Surveyor was launched in April 2004 and is currently at version 2.5, said Wade Williamson, product manager at the Sunnyvale, California-based vendor.

It’s a software tool both for pre-installation radio frequency planning and post-installation surveying of performance, he said, adding that it provides information, from how many APs will be needed in an environment to how many packets are being dropped once a WLAN is up and running.

The network management area is clearly one that’s growing within AirMagnet.

We were founded in 2001 and when we first came out, wireless was still quite new, Williamson said.

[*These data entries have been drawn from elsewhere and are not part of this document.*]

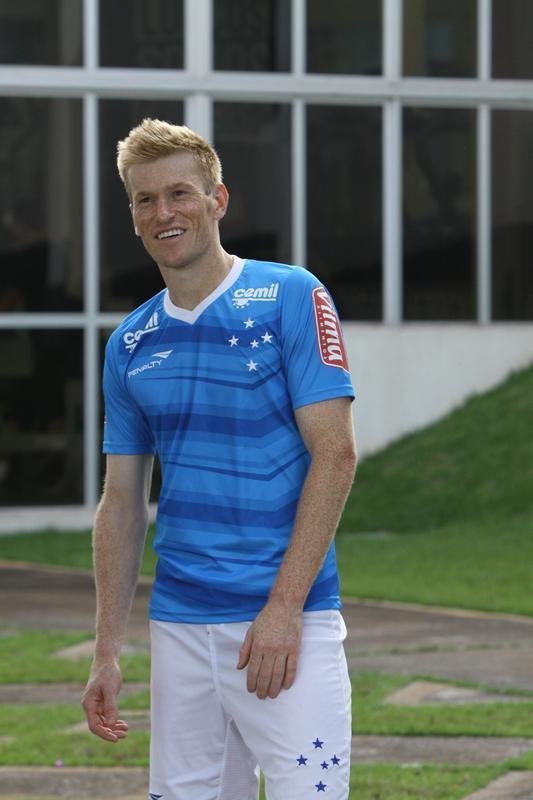 De Arrascaeta foi inscrito no BID e estrear pelo Cruzeiro contra o Guarani, nesta quarta; os reforos Paulo Andr e Willians participaram pela primeira vez de uma atividade sob o comando de Marcelo Oliveira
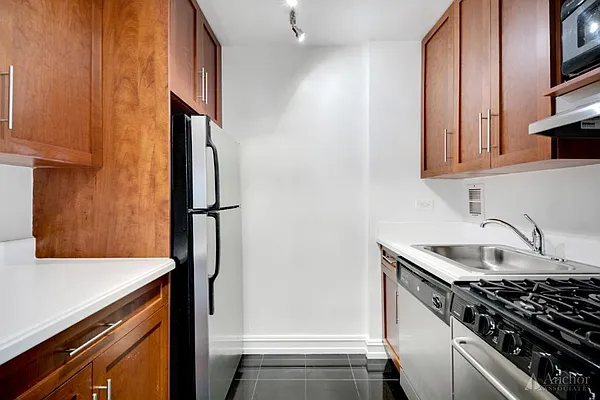 Rented by Anchor Associates | media 17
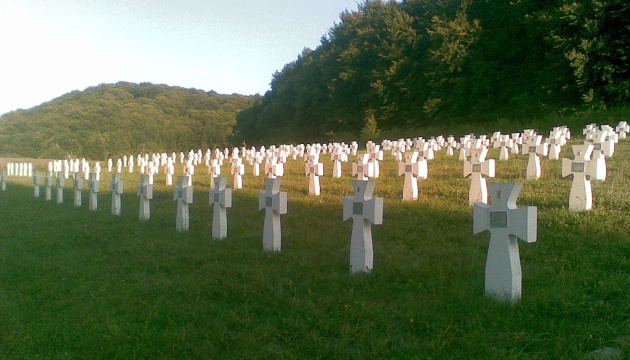 Військові кладовища: як світ зберігає пам’ять про полеглих героїв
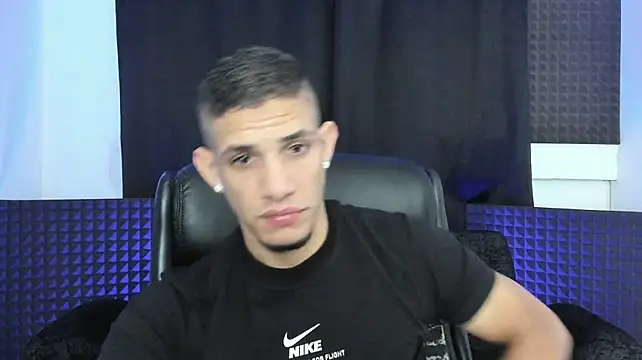 jhonnysnow17's Webcam Show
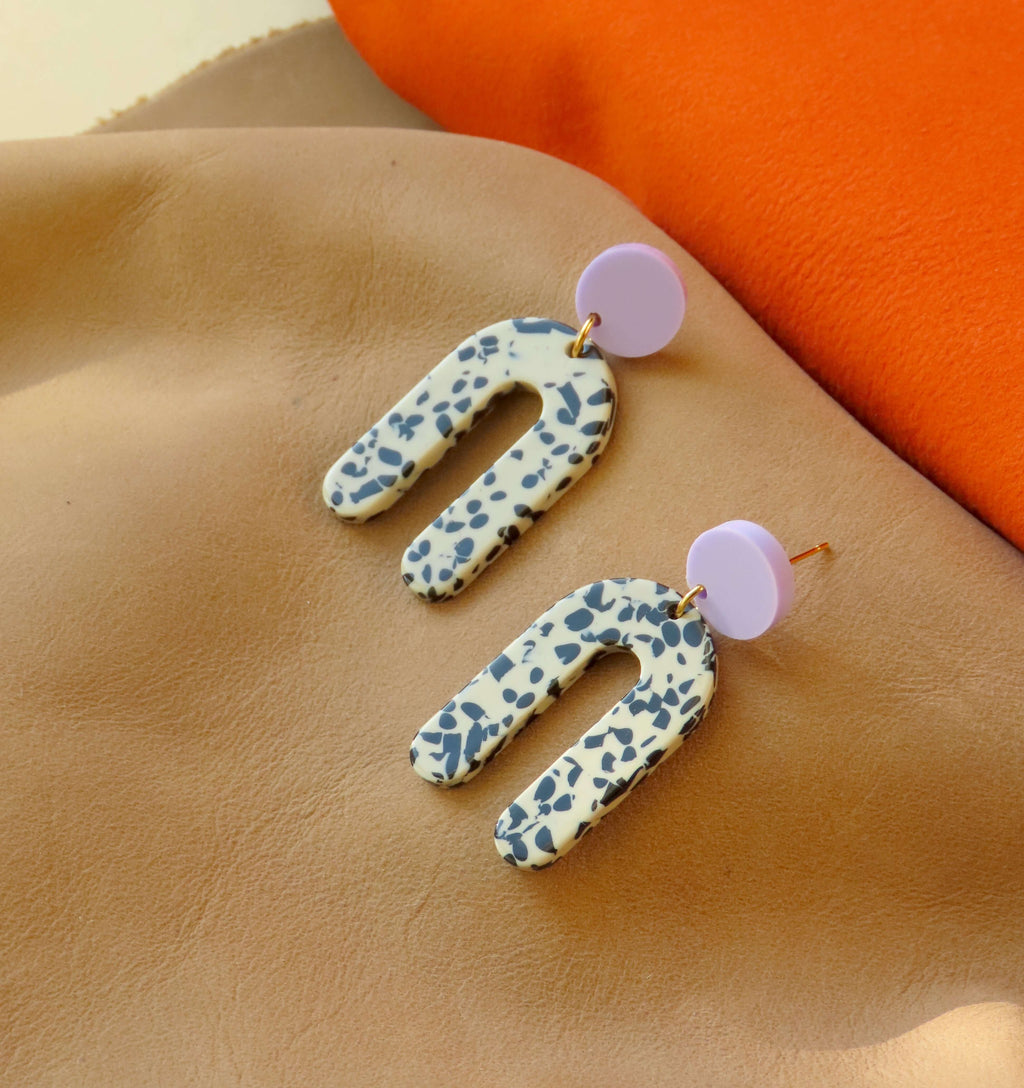 Niemalsmehrohne Ohrringe Slim Greige Dots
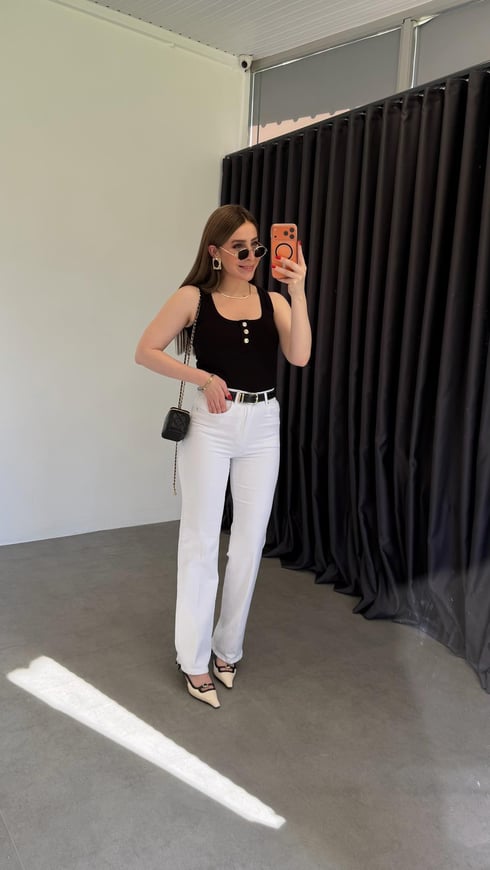 White Siyah Kemerli Likralı Jean Beyaz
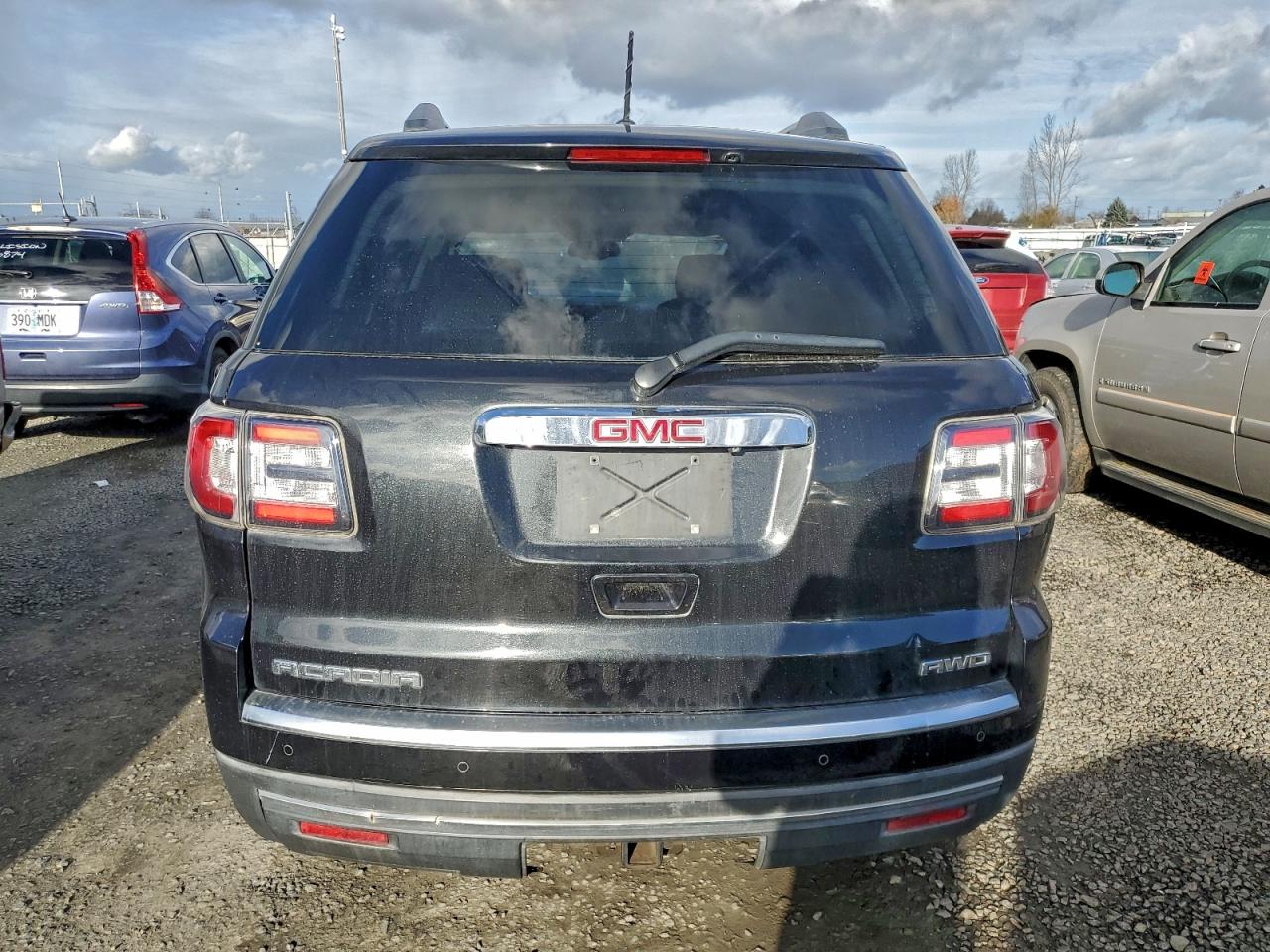2015 GMC ACADIA SLE photo 11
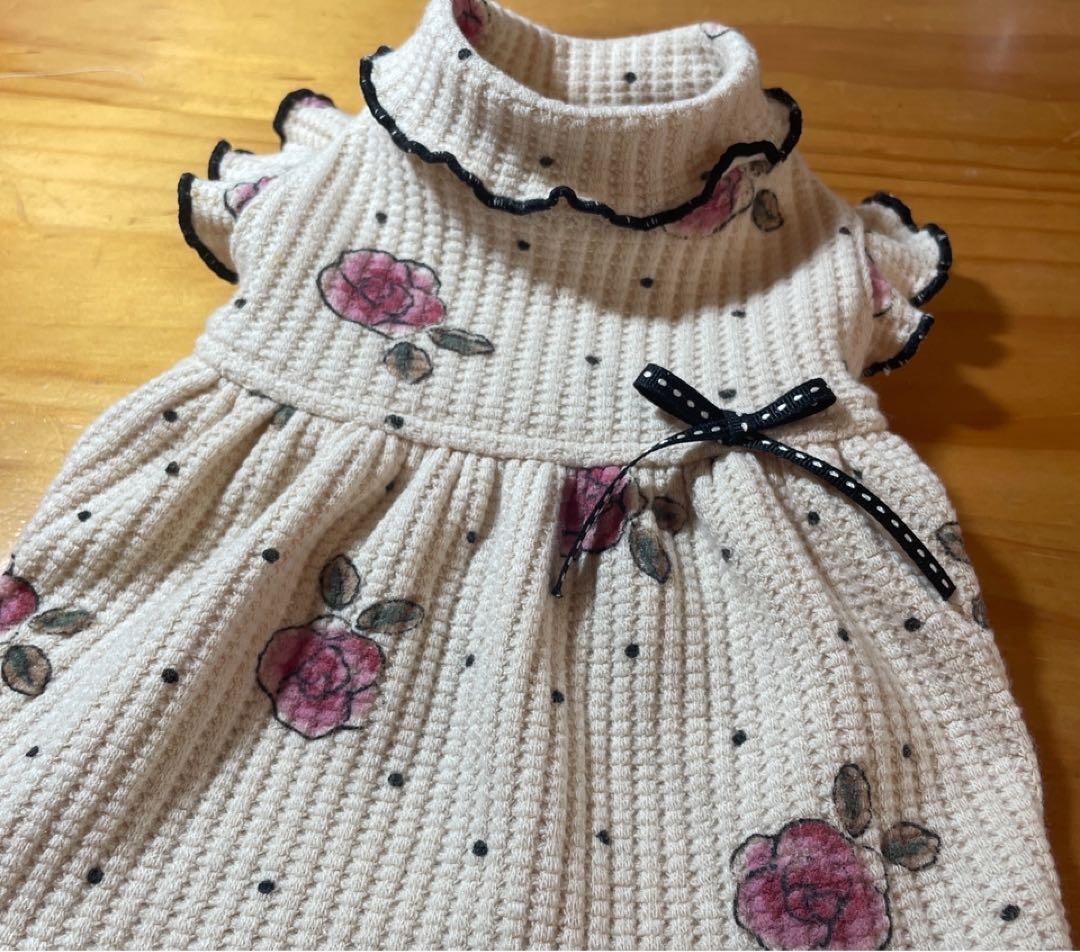 ハンドメイド犬服　ロールネック切替フリルワンピ ワッフルニット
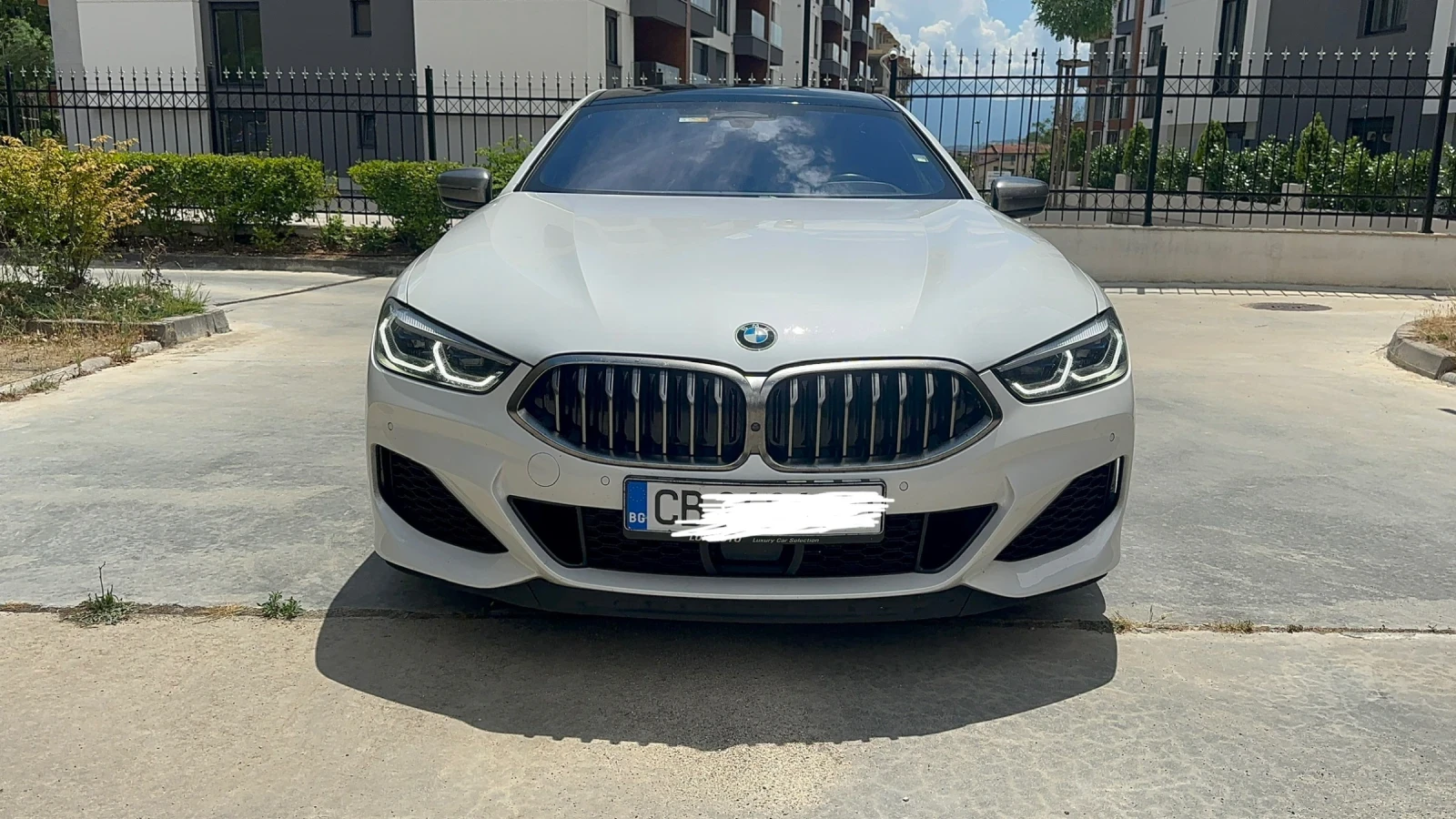 BMW 850 B&W * X-drive * FULL, снимка 2 - Автомобили и джипове - 54945875
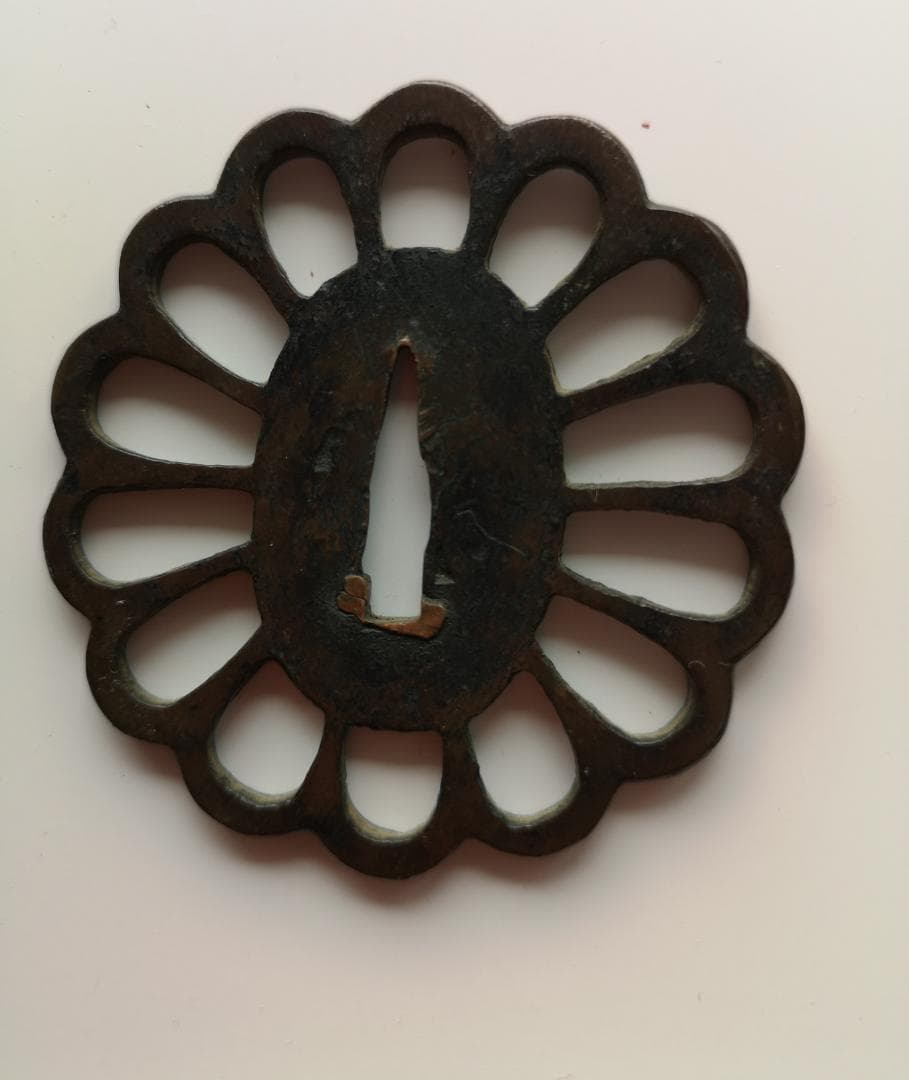 花弁型黒色鉄製刀の鍔3点セット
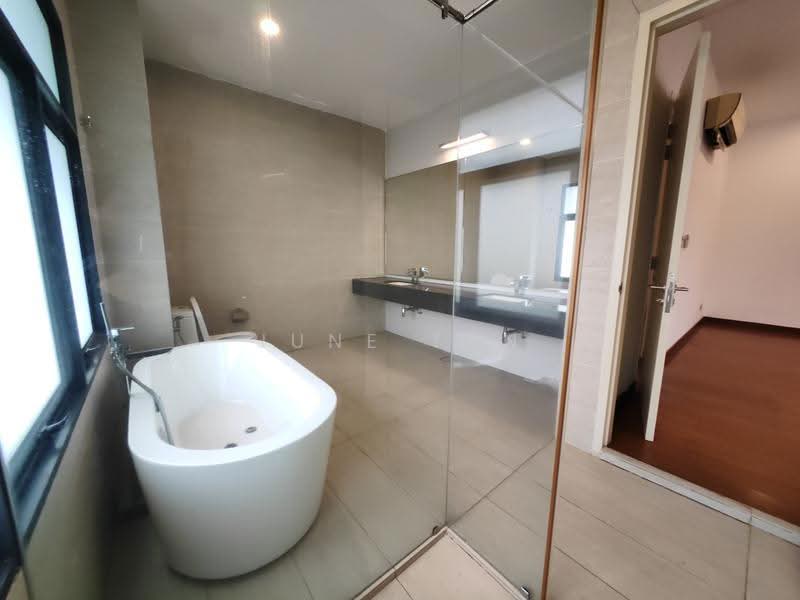 Rumah Berkembar untuk Disewa di Taman Equine (Seri Kembangan) - June Tan - PropertyGuru.com.my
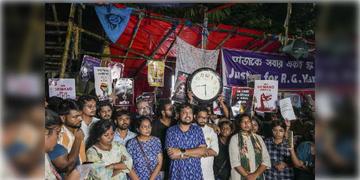 Read more about - Doctor Strike | জুনিয়র ডাক্তারদের সঙ্গে এবার অনশনে বসবেন সিনিয়র চিকিৎসকরা, ঘোষণা  জয়েন্ট প্লাটফর্ম অফ ডক্টরসদের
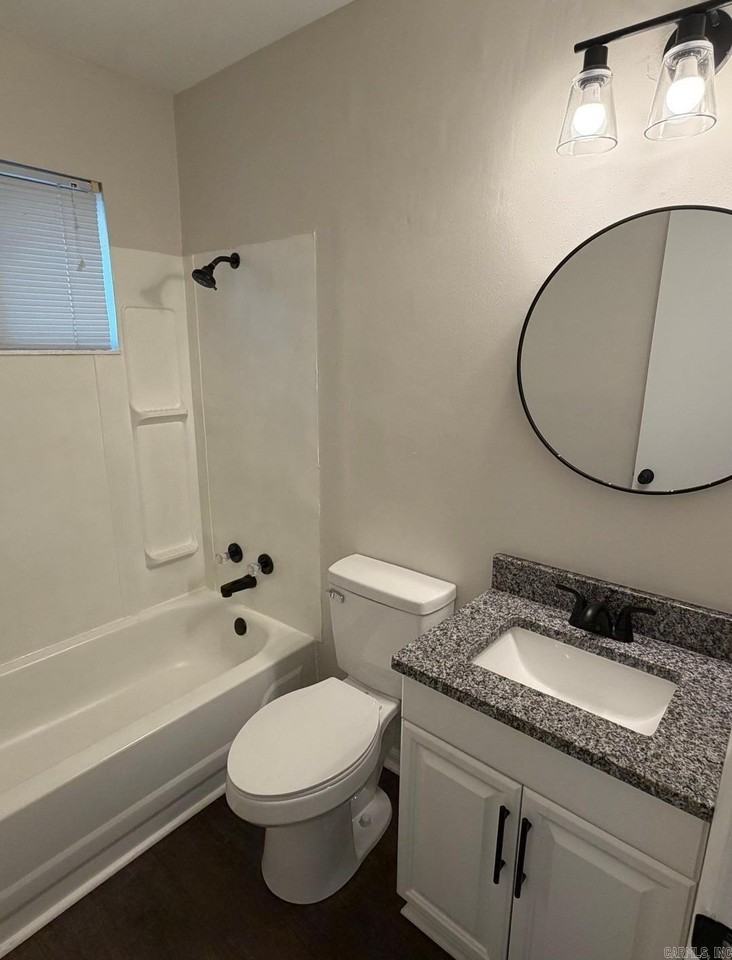 8 Glendale Dr - Photo 7 of 8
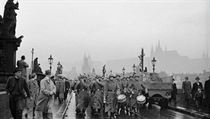 Okupační vojska na Karlově mostě v Praze 15. března 1939. | na serveru Lidovky.cz | aktuální zprávy Okupační vojska na Karlově mostě v Praze 15. března 1939. | na serveru Lidovky.cz | aktuální zprávy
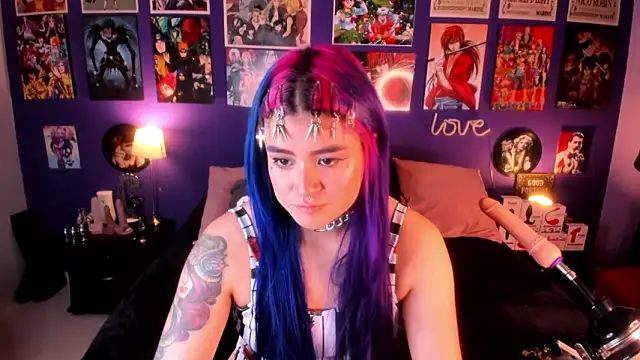 Snapshot of anne_cross chatting on February 4, 2025, 2:39 am anne cross online show from February 4, 2025, 2:39 am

Our first product, AirMagnet Handheld Analyzer, was designed specifically for detecting rogue APs.

Then in 2002 the company launched what is still its most widely deployed product, AirMagnet Laptop Analyzer, and saw that it was increasingly used not only for security (i.e. keeping rogues out) but also for co-ordinated rollouts and ongoing management.

Even so, until relatively recently the main concern has been security, whereas now people are running large WLAN networks and need to manage them, Williamson said.

At least one WLAN security vendor, Bluesocket, has responded to this trend by moving into connectivity per se, repositioning its WLAN security gateway as a controller and launching its own APs.

Meanwhile WLAN networking vendor Colubris has just unveiled an OEM deal with a smaller RF planning developer, AirTight, to offer that facility in its kit.

Even those WLAN security vendors, like AirMagnet and AirDefense, that haven’t followed Bluesocket’s example and moved into the networking side, nonetheless show signs of broadening their offering into network management.

And well they might. As WLAN becomes more widely deployed in enterprise, heavyweights like Cisco will want to offer security features in their own portfolio, essentially obviating the need for customers to have recourse to third-party dedicated security vendors.

One wonders, for instance, whether last year’s agreement between Cisco and AirDefense, whereby the latter’s sensor software can be blasted onto the former’s Aironet APs to turn them into dedicated security devices will be extended to Cisco’s new thin AP technology from its January 2005 Airespace acquisition.

It seems far more likely that the networking giant will move toward offering its own sensor technology, quite probably on only one radio of a dual- or triple-radio AP, enabling the other two to be devoted, one to VoIP and the other to data.